Meanwhile, the Commissioner for Migration, Home Affairs and Citizenship, Dimitris Avramopoulos, expressed his surprise about the Red Cross’s criticism.

He told EURACTIV that “we didn’t have any signal like this one from the Red Cross, we cooperate in a very good way with them, also on the ground.”

“For us, it is very important that what is happening on the ground is done according to the EU legislation and the international law. Lets hope this mechanism proves its efficiency,” he added.

Mayors against the deal

Criticism of the EU-Turkey deal also came from the mayors of some of the EU’s largest cities, who are at the forefront when it comes to dealing with the massive influx of refugees.
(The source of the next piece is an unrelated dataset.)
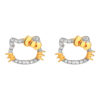 TOMEI X SANRIO Dual-Tone Hello Kitty Earrings, Yellow Gold 916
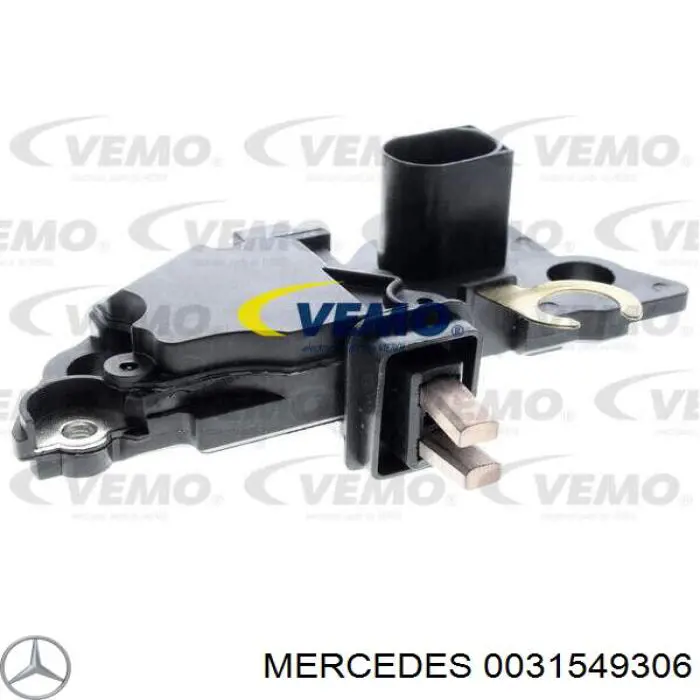 0031549306 Mercedes реле-регулятор генератора, (реле зарядки)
A group of mayors met on Tuesday (5 April) with Crețu and other senior EU officials from the Commission.

Colombe Brossel, the vice-mayor of Paris, told EURACTIV that the agreement “is not a good solution either in terms of the European values or in terms of the efficiency”.

Ada Colau, the leftist mayor of Barcelona, and a rising star in Spanish politics, said she disliked the EU-Turkey agreement, adding that “Europe will be lost if it tries to shield itself out of fear for those in need of asylum.”

“Europe is in danger because of the policies it is implementing,” she stressed.

But not all the mayors shared the same opinion. The Mayor of Amsterdam, Eberhard van der Laan, said the agreement was a step in the right direction. “We needed it because there was confusion, and our citizens needed to in order to ring some order to the situation,” Laan told EURACTIV.

Mayors also lamented the administrative burdens and lack of access to EU funds to deal with the crisis on the ground. They see the legal status of asylum seekers as an “important challenge” because it hinders local authorities from providing them with basic services like healthcare from day one.